Seven Bridges said today it has been selected by the NIH to lead a public-private consortium that will develop the pilot phase of a new data ecosystem for the agency.
The Data Commons Pilot Phase is NIH’s latest effort to accelerate biomedical research through informatics, with the goal of advancing the agency’s vision for a virtual biomedical data discovery and computing environment.
The NIH says its Data Commons Pilot Phase will apply the FAIR (Findable, Accessible, Interoperable and Reusable) Guiding Principles for scientific data management and stewardship, as published last year in the journal Scientific Data.
Seven Bridges will lead a team that includes Repositive, a UK-based software company developing tools to improve access to genomic research data; Elsevier, the informatics analytics business specializing in science and health; and the Boston Veterans Affairs Research Institute, the creator of the Million Veteran Program, the world’s largest genomic database.
The partners have formed public-private consortium called FAIR4CURES, which plans to work within the overall Data Commons pilot to build a full-stack solution designed to unify data from a variety of research environments into a single ecosystem that advances data discovery, access, and computation.
“The NIH Data Commons promises to transform the way public biomedical data is stored and analyzed,” Seven Bridges CEO Brandi Davis-Dusenbery, Ph.D., said in a statement. “An effort of this scale has never been tried before and its focus on interoperable data accessibility answers the call to break open data siloes, setting new standards for healthcare research.”
Seven Bridges, a developer of biomedical data analysis tools, is partnering with University of Chicago to curate datasets for the Blood Profiling Atlas, a pilot project of the “Cancer Moonshot” launched last year. The Atlas is an open database for liquid biopsy data aimed at advancing development of blood profiling diagnostic technologies.
For the Data Commons Pilot Phase, Seven Bridges said it will use its existing cloud infrastructure for biomedical data analysis, which includes Amazon Web Services (AWS), Google, and local compute storage solutions. Seven Bridges also plans to accelerate collaborative research and open source development by continuing to build interoperability standards, such as Common Workflow Language.

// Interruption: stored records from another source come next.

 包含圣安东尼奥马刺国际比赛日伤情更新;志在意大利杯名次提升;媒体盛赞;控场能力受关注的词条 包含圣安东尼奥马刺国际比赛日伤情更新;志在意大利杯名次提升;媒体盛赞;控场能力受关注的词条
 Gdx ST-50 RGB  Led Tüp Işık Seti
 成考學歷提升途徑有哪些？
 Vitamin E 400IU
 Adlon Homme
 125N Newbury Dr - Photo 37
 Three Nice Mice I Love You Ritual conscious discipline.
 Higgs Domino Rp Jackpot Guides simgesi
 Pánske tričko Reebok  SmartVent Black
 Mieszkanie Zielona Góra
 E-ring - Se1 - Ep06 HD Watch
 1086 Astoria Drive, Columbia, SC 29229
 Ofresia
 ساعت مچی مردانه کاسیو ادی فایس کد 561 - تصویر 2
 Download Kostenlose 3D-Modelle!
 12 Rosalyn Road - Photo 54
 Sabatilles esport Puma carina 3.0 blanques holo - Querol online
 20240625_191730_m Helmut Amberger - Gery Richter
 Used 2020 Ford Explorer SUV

In addition, Seven Bridges said, it will also create interoperable APIs to connect biomedical data from the Gabriella Miller Kids First Data Center and Cancer Genomics Cloud—one of three pilot systems funded by the NIH’s National Cancer Institute to explore colocalizing massive genomics datasets alongside secure and scalable computational resources to analyze them—to additional NIH-funded datasets that include:
- Trans-Omics for Precision Medicine (TOPMed), which collects whole-genome sequencing and other -omics data to improve the understanding of heart, lung, blood, and sleep disorders and advance precision medicine.
- Genotype-Tissue Expression (GTEx), designed to offer insights into the mechanisms of gene regulation by studying human gene expression and regulation in multiple tissues from health individuals; exploring disease-related perturbations in a variety of human diseases; and examining sexual dimorphisms in gene expression and regulation in multiple tissues.
- Model Organism Databases (MODs), designed to enable researchers worldwide to uncover basic, conserved biological mechanisms for organisms such as yeast, worm, fly, fish, and mouse.
Other members of the FAIR4CURES consortium will contribute access to petabytes of additional data, including more than one million indexed datasets from the Repositive Platform, Elsevier’s Mendeley data hub, and the VA’s GenHub Ecosystem.
The FAIR4CURES consortium has been funded $304,253 under NIH grant No. 1OT3OD025463-01.